Stay Dry! You tie a cord to a pail of water, and you swing the pail in a vertical circle of radius 0.600 \(\mathrm{m}\) . What minimum speed must you give the pail at the highest point of the circle if no water is to spill from it?

Short Answer

Expert verified
The minimum speed is approximately 2.43 m/s.

Step by step solution

01

Understanding the Forces

At the highest point in the vertical circle, the only forces acting on the pail are the gravitational force and the tension in the cord. To ensure no water spills, the pail must maintain a minimum speed such that the gravitational force provides the necessary centripetal force, meaning the tension could be zero at this point.
02

Set Up the Equation

At the minimum speed, the centripetal force is given solely by the gravitational force. Use the equation for centripetal force \( F_c = \frac{mv^2}{r} \) where \( m \) is the mass of the pail, \( v \) is the velocity, and \( r \) is the radius. The gravitational force is \( F_g = mg \) where \( g \) is the acceleration due to gravity. Set these two equal: \( \frac{mv^2}{r} = mg \).
03

Simplifying the Equation

Divide both sides of the equation by \( m \) to simplify, giving \( \frac{v^2}{r} = g \).

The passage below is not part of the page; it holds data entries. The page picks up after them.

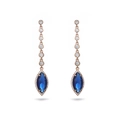 Elegant rose gold drop earrings featuring marquise cut blue zircon and white stones - No.7 (Blue Marquise/Rose Gold)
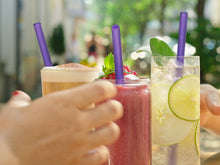 Load image into Gallery viewer, Purple Glass Straws 8 inch with plastic free brush - Set of 6 reusable
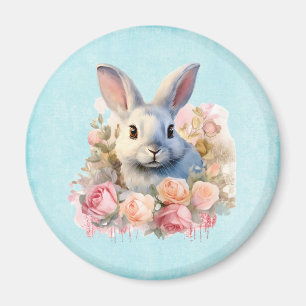 Söt kanin med rosfestong magnet
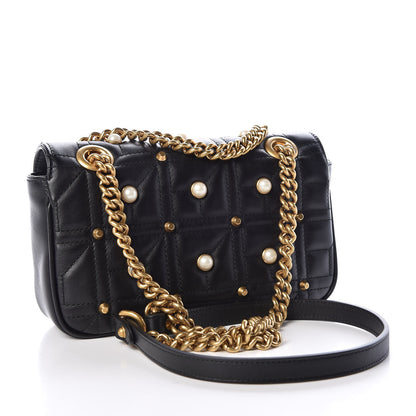 Gucci Calfskin Matelasse Studded Mini Pearly GG Marmont Shoulder Bag Black 3 of 8
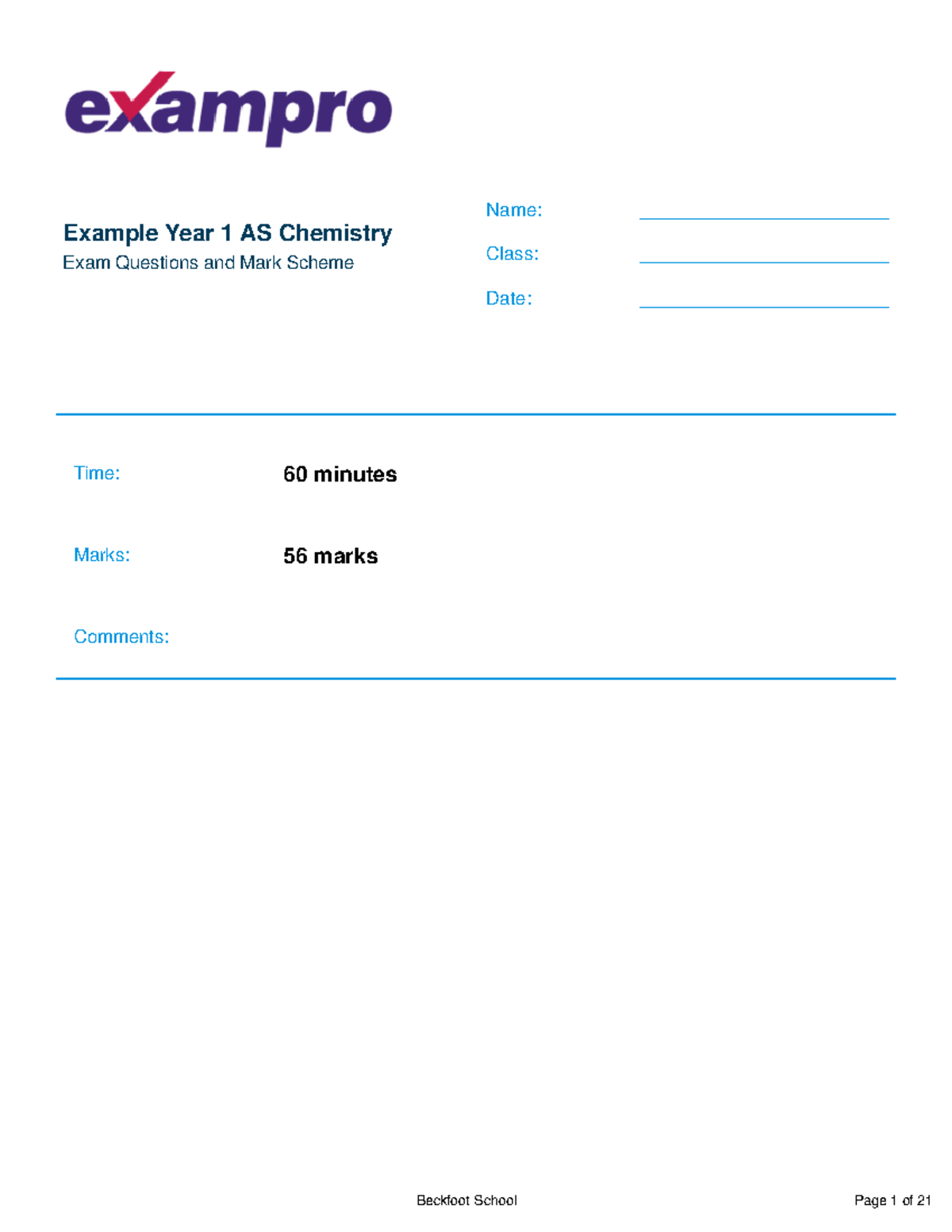 Example exam Qs AS Chem Open Evening - Example Year 1 AS Chemistry Exam ...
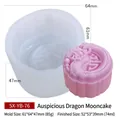 Molde de silicona de dragón para pasteles de luna y velas artesanales de 52x53mm - Estilo Dragón 1 YB-76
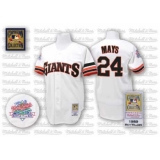 Men's Mitchell and Ness San Francisco Giants #24 Willie Mays Replica White Throwback MLB Jersey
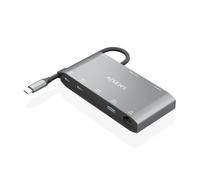 AISENS - USB-C Dock 8 en 1, USB-C a 1xHDMI, 1xVGA, 1xRJ45, 2xUSB-A, 2xUSB-C 5G, 1xUSB-C PD, Gris, 20 cm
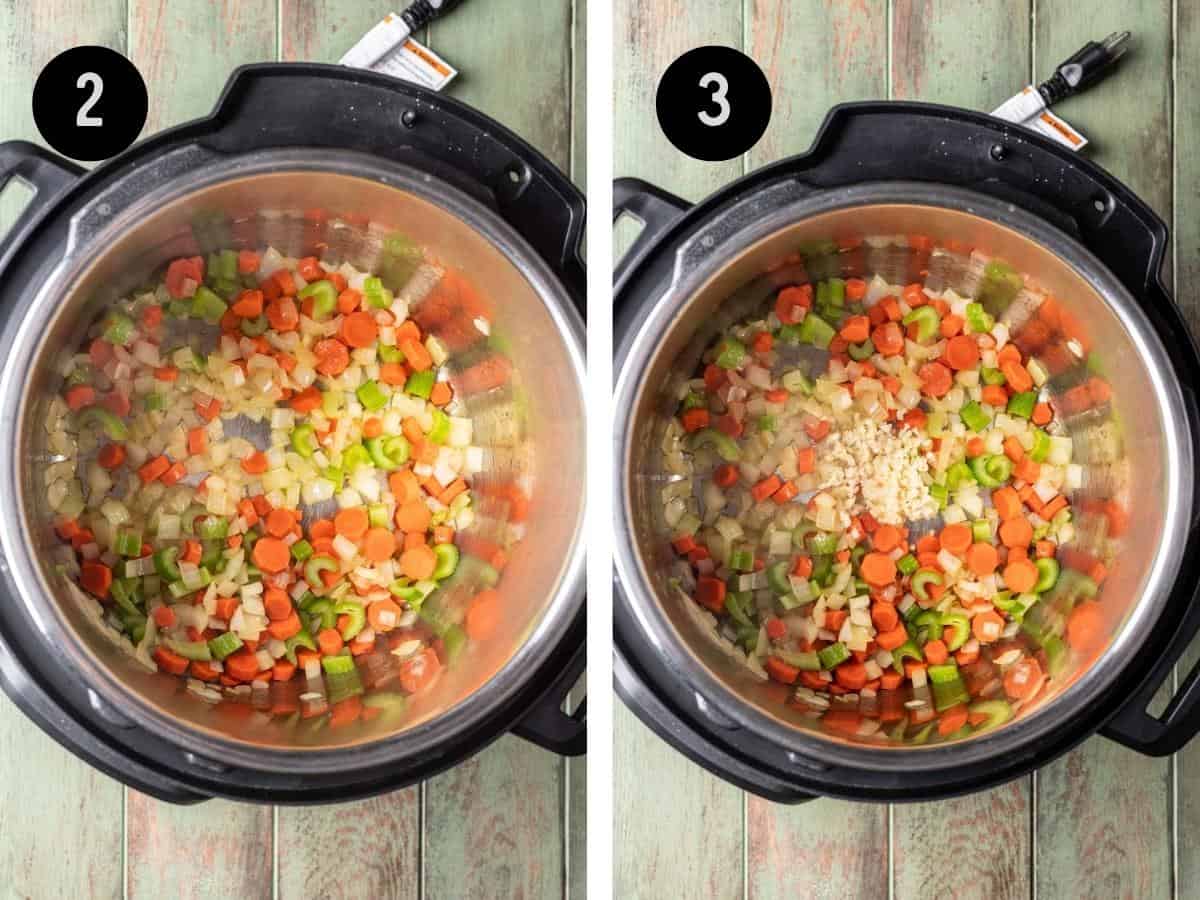 Vegetables cooking in an instant pot.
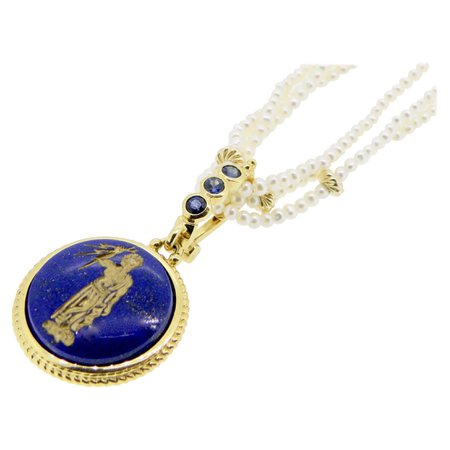 Enamel 24-22 Karat Yellow Gold Lapis Lazuli Pendant Necklace For Sale at 1stDibs | handcrafted engagement rings melbourne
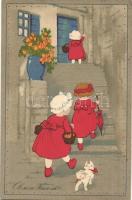 10 db RÉGI motívumos képeslap: ló, gyerek, művész, közte litho / 10 pre-1945 motive postcards: horse...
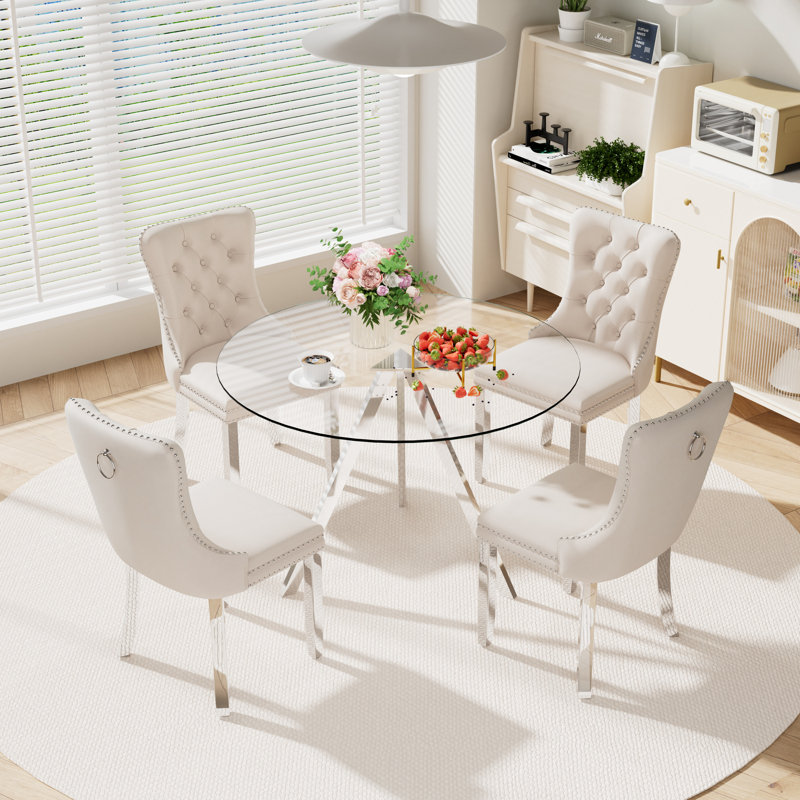 Round Dining Table Set for 4, Beige, 30" H x 39" W x 39" D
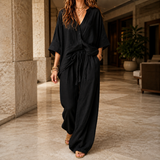 Modesty Relaxed Pants Set - Black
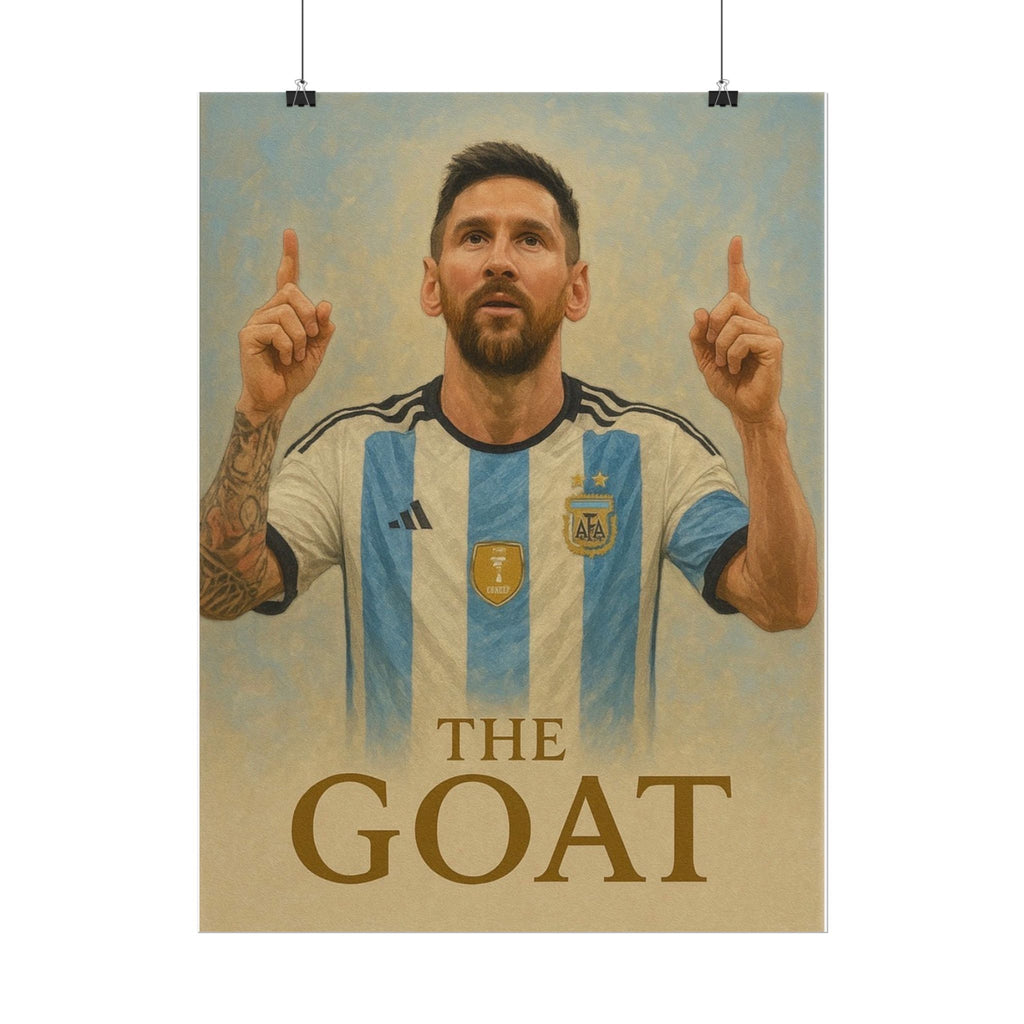 Lionel Messi Rolled Poster — "The GOAT" Soccer Player Tribute Poster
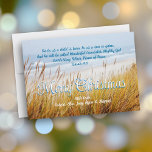 Convite Ocean Beach Dunes Merry Christmas Christian Cards<br><div class="desc">Praia duna cartão de Natal com escritura. Natal cristão, cartões planos com texto para personalizar com saudação, assinatura e escritura. O verso exemplo é do livro de Isaiah: Para nós uma criança é nascer, para nós um filho é dado, e ele será chamado de Conselheiro Maravilhoso, Deus Poderoso, Pai Everente,...</div>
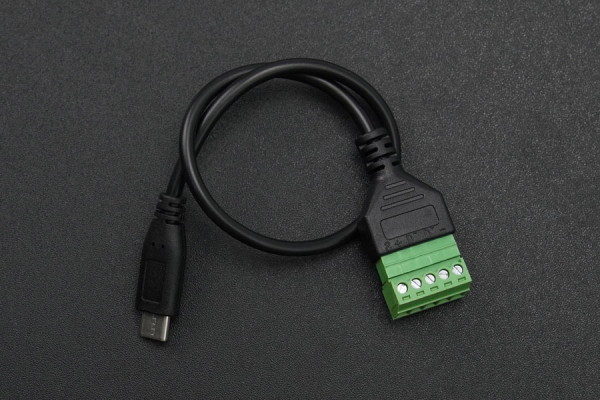 Power Cable, 5-Pin Type C Male to Solderless Terminal, 30cm, 5V 2A Output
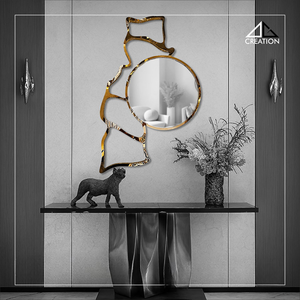 Meuble-lavabo mural de luxe en acier inoxydable avec revêtement PVD, design irrégulier élégant pour salle de bain, idéal pour les mariages - Product Image 6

Solve for \( v^2 \) to find \( v^2 = rg \).
04

Calculate the Minimum Speed

Substitute the given radius \( r = 0.600 \) \( \, \mathrm{m} \) and \( g = 9.81 \) \( \, \mathrm{m/s^2} \) into the equation \( v^2 = rg \):\[ v^2 = 0.600 \times 9.81 \]. Calculate \( v \): \[ v = \sqrt{0.600 \times 9.81} \approx \sqrt{5.886} \approx 2.43 \] \( \, \mathrm{m/s} \).
05

Confirm the Solution

Ensure that the calculated velocity meets the physical requirements. At this minimum speed, the tension in the cord is zero, and the gravitational force alone allows the pail to continue in a vertical circular path, preventing water spilling.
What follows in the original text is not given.